I’ve searched around and couldn’t find any existing topics on here, but apologies if I’ve missed something.

I’m trying to carry out an analysis that uses an occurrence family for a whole plant family, so has > 2 million records (like the Myrtaceae family).

When I try to load the file into R or Python, I always end up with fewer rows in the table than cited on the download page.

I’ve tried a few different packages, but get the same problem each time. For instance, using the R package vroom:

library(vroom)

col_names <- c("gbifID", "genus", "species", "taxonRank",
               "scientificName", "countryCode",
               "decimalLatitude", "decimalLongitude",
               "day", "month", "year", "taxonKey", 
               "speciesKey", "basisOfRecord", "issue")

d <- vroom(MYRTACEAE_DL_PATH, delim="\t", col_select=col_names)

Gives a table with 1,785,588 rows, when the download says there should be 2,638,956 occurrences.

Is there something I’m missing here? Am I using the wrong delimiter? Or quotation character?

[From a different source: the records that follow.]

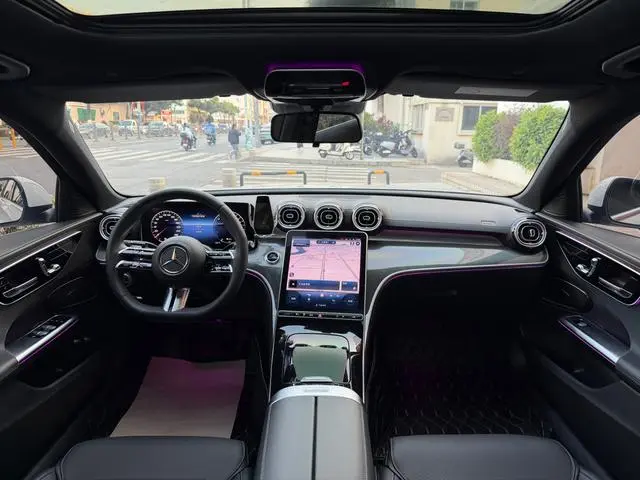 Mercedes-Benz Mercedes-Benz C-class PHEV Facelift C 350 eL
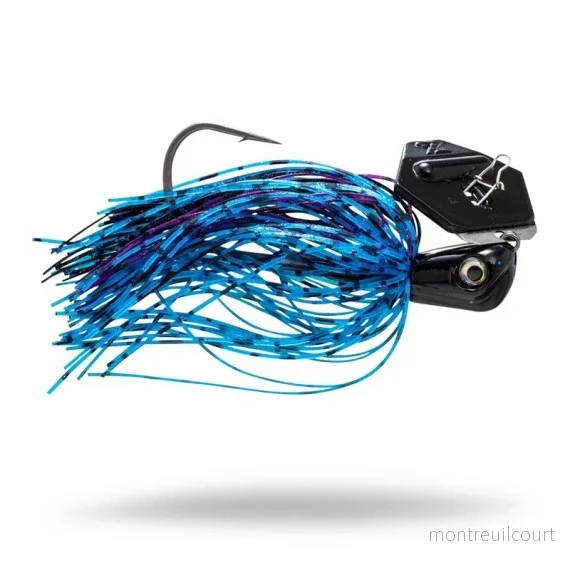 Strike Pro RatN Chat 10,5g – Ghost Minnow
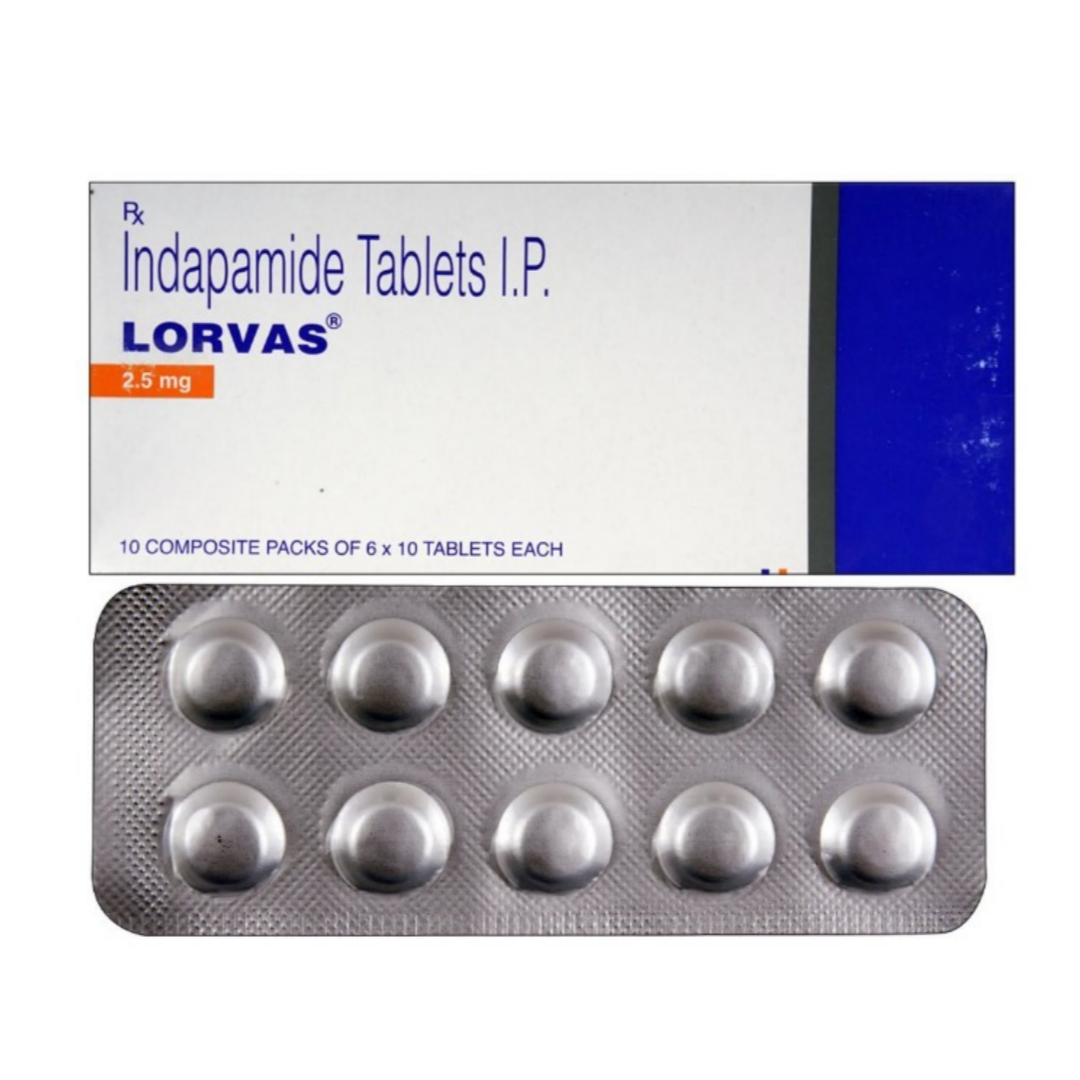 LORVAS TAB (2.5)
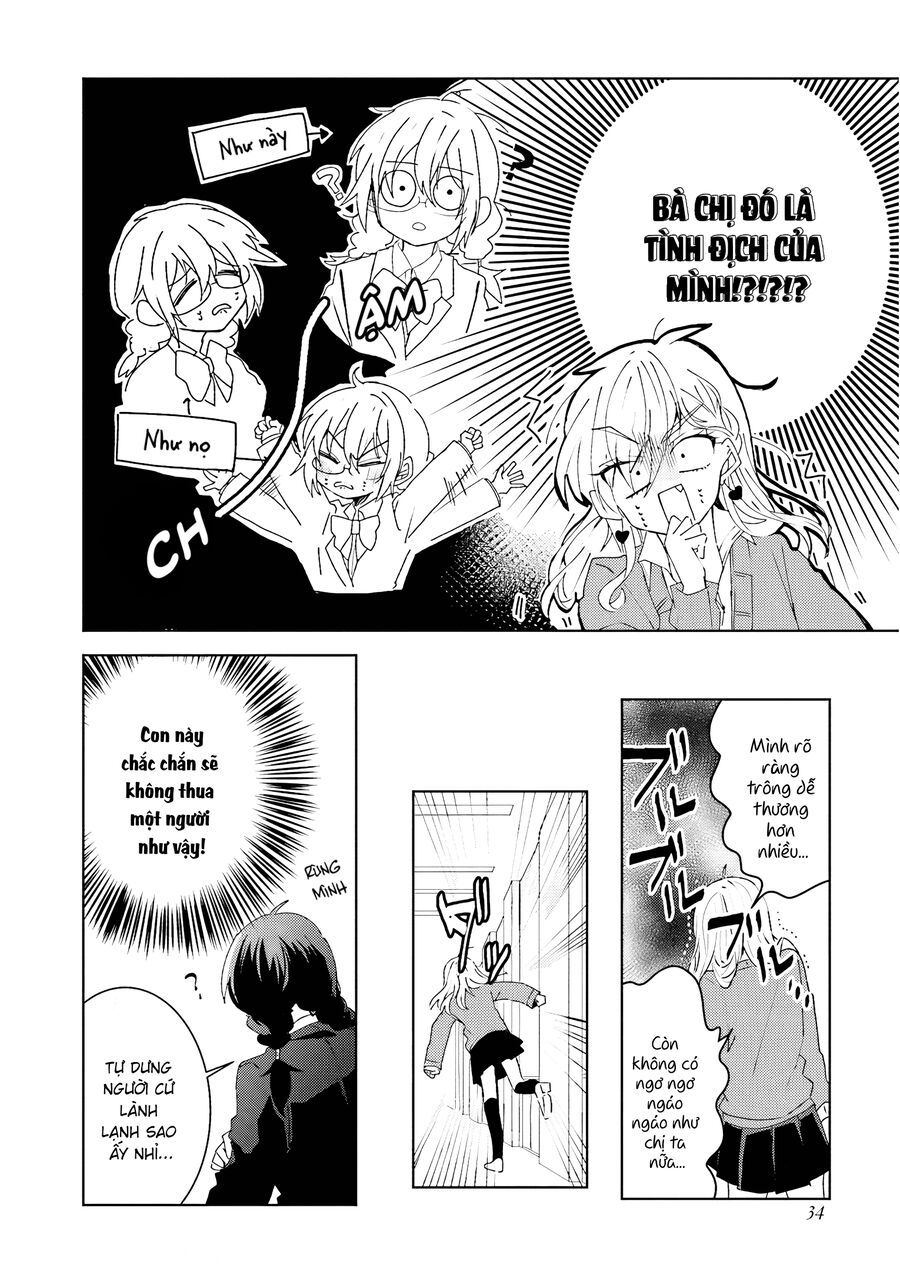 Iincho To Furyou-Kun Chapter 19 - Trang 2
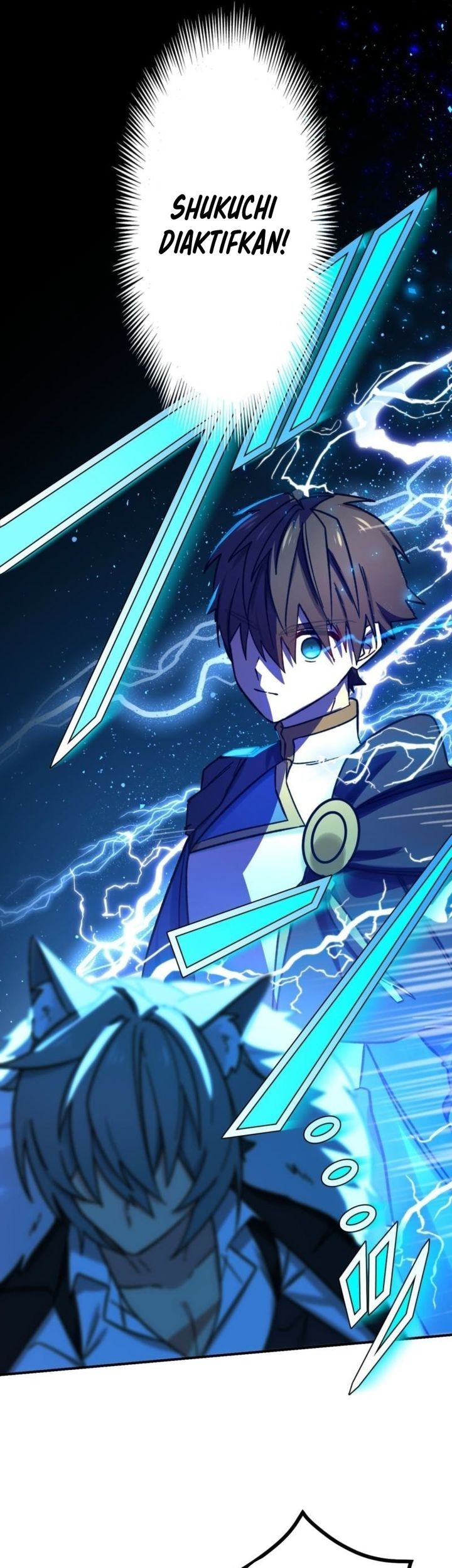 The strongest assassin gets transferred to another world with his whole class Chapter 92 Gambar 58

Any insight you can give would be greatly appreciated.

jwaller · March 15, 2021, 9:49am

I also often have trouble reading in large GBIF file into R as well. I am not sure what the problem is exactly, but I think sometimes there are some special characters or quoting that causes trouble for some file parsers. I am not really sure…

Fortunately, I was able to read in the entire csv file using data.table::fread() .

MYRTACEAE_DL_PATH = "C:/Users/ftw712/Desktop/0080847-200221144449610.csv"
data.table::fread(MYRTACEAE_DL_PATH) %>% 
str()

# 2 639 079 observations

jwaller · March 15, 2021, 10:31am

I was also able to get

library(dplyr)
readr::read_lines(MYRTACEAE_DL_PATH) %>% length()

# 2 639 080

to read all the lines so I am not sure what these parsers are using internally…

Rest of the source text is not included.